[Opening Data segment section]

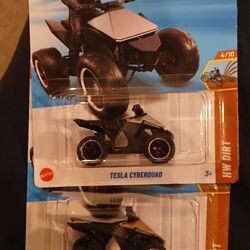 Hot Wheela Tesla Cyber Quads Silver And Gold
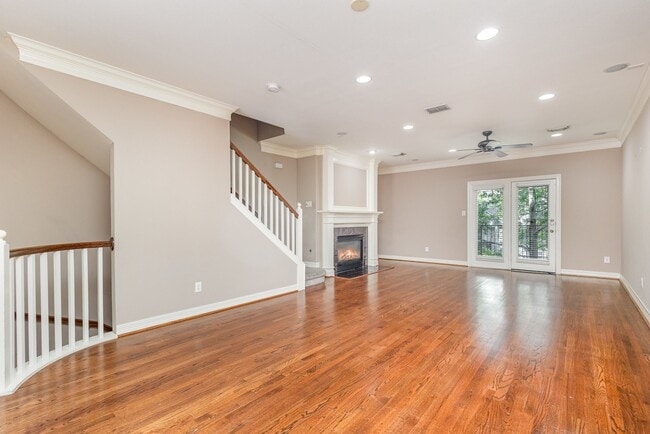 Foto del edificio - 3610 Gillespie St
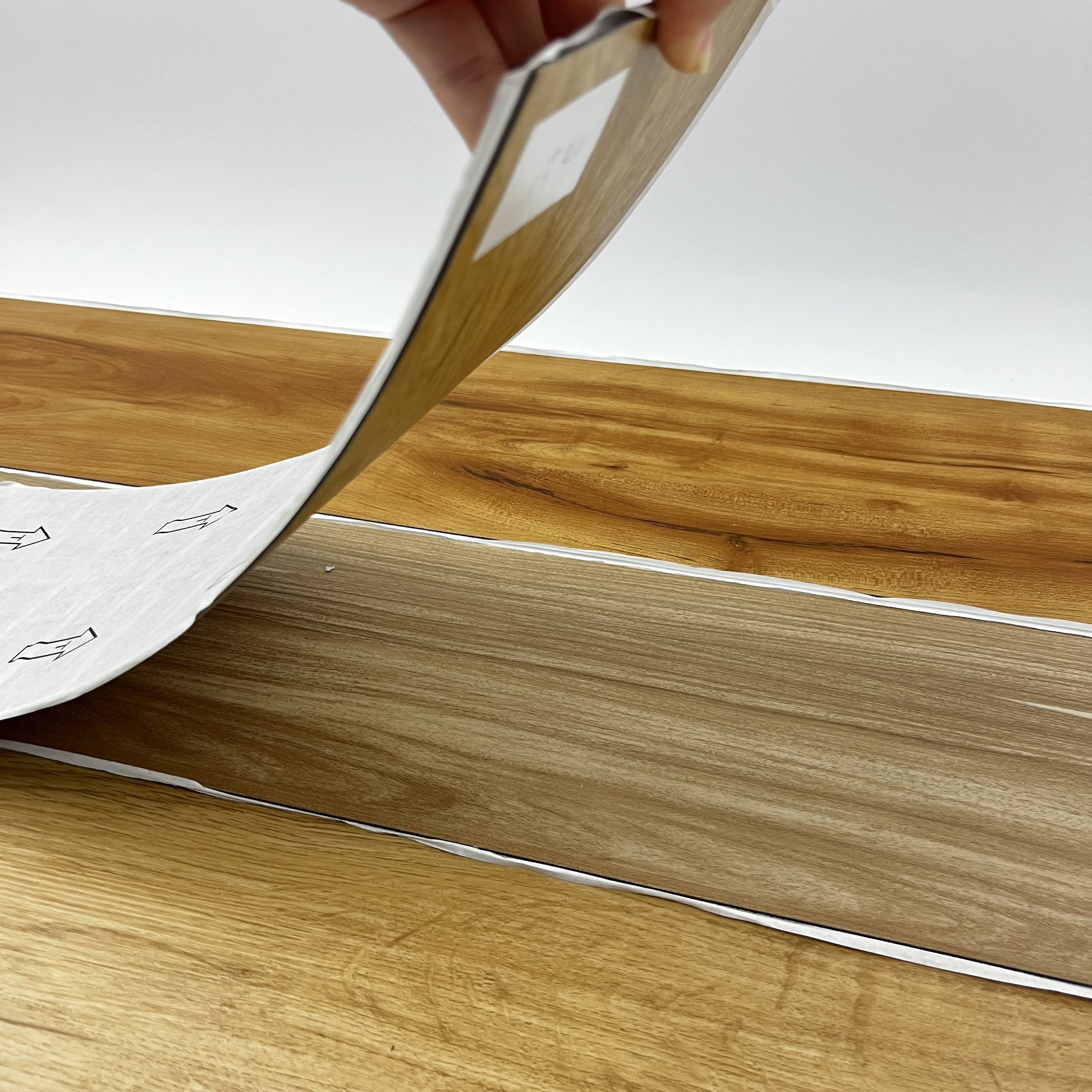 Sàn nhựa Vinyl PVC LVT/LVP sang trọng chống thấm nước 2mm Dán keo/Bóc dán/Hèm khóa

[Closing Data segment section]

→ What you should do: Return all of the material precisely as written. No picture belongs in it.

→ Exercise response:
 Hot Wheela Tesla Cyber Quads Silver And Gold
 Foto del edificio - 3610 Gillespie St
 Sàn nhựa Vinyl PVC LVT/LVP sang trọng chống thấm nước 2mm Dán keo/Bóc dán/Hèm khóa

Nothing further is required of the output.